The physician takes the medical history and conducts a physical examination of the symptoms. Then the following tests may be recommended to diagnose egg allergy:

  • Skin prick test: In this test, the skin of the patient is pricked and exposed to a small quantity of proteins found in eggs. The person develops a rash or raised bump at the site of pricking if he/she is allergic to eggs.
  • Blood test: The blood test is done to check the presence of antibodies against egg proteins in the blood.
  • Re-challenge: In this test, the person who is allergic to eggs is given a small amount of egg to check the reaction. If there is no reaction, the quantity is increased and given again to check the symptoms of allergy. This test should be done by an allergy specialist as it can cause severe reaction.
  • Food tracking: This can be done by the patient or the physician. It includes maintenance of a dairy which contains the details of the allergy and food taken. This helps to determine the exact cause of food allergy.

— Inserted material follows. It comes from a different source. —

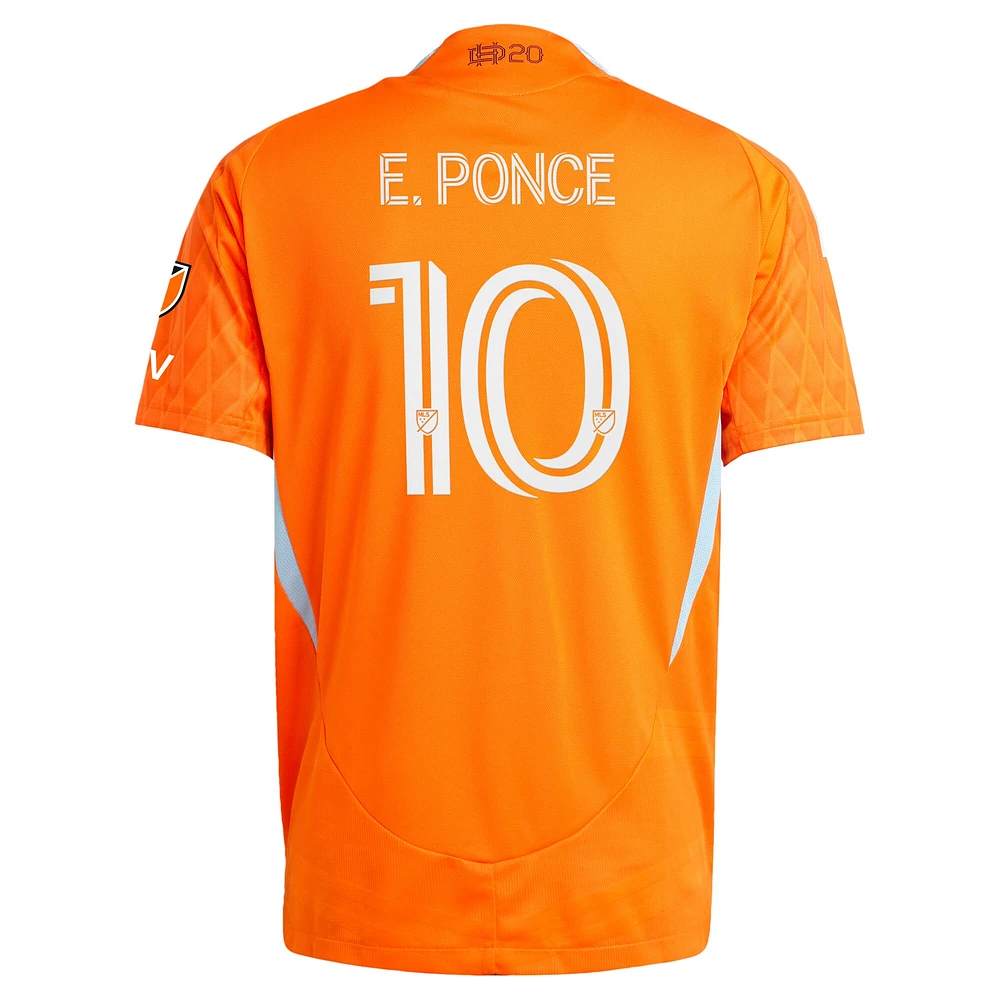 Men's adidas Ezequiel Ponce Orange Houston Dynamo FC 2025 Season 20 Authentic Player Jersey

The following factors can increase the risk of egg allergy in a person:

  • Family history: There is an increased risk of egg allergy if the person’s parents have food allergy, asthma or any other type of allergy such as hives, hay fever or eczema.
  • Atopic dermatitis: Children with this type of skin allergy are more prone to food allergies than children without skin problems.
  • Age: Infants and children are at greater risk of having egg allergy. With age the digestive system matures and lesser allergic food reactions occur.



Avoiding consumption of eggs or products is the only way to prevent egg allergy. However some people can tolerate eggs in well cooked foods such as baked foods.


Antihistamines may be prescribed by the physician to help reduce the signs and symptoms of a mild egg allergy. However these drugs are not effective in treating a severe allergic reaction.


Emergency epinephrine injection is required for controlling the anaphylactic reaction caused in a severe egg allergy. The person is then kept under observation for some time to make sure that the symptoms don’t recur.

Epinephrine autoinjectors should be carried by the persons who are severely allergic to eggs. One should make sure that the health care providers have access to the autoinjector in case of emergency or else if the child is old enough, he or she must have understanding of how to use the autoinjector. The autoinjector should be replaced before the expiry date.



The following tips should be followed to prevent egg allergy:

  • Check the labels on food items for presence of egg.
  • Be cautious when eating outside as the food provider may not know that you have egg allergy.
  • Children who have this allergy should be tied with an allergy bracelet or necklace so that the care givers will know what is going on in an emergency situation.
  • Breast feeding mothers should avoid eating eggs to prevent egg allergy in the infant.

Hidden sources of egg products:

Some of the food products which are labeled as egg-free may still contain trace amounts of egg in it. These food items include:

  • Marshmallows
  • Meringue
  • Mayonnaise
  • Breaded foods
  • Baked foods
  • Puddings
  • Custards
  • Frostings
  • Processed meat
  • Salad dressings
  • Many pastas



*Disclaimer This is not medical advice. The content is for educational purposes only. Please contact your doctor for any health care issues.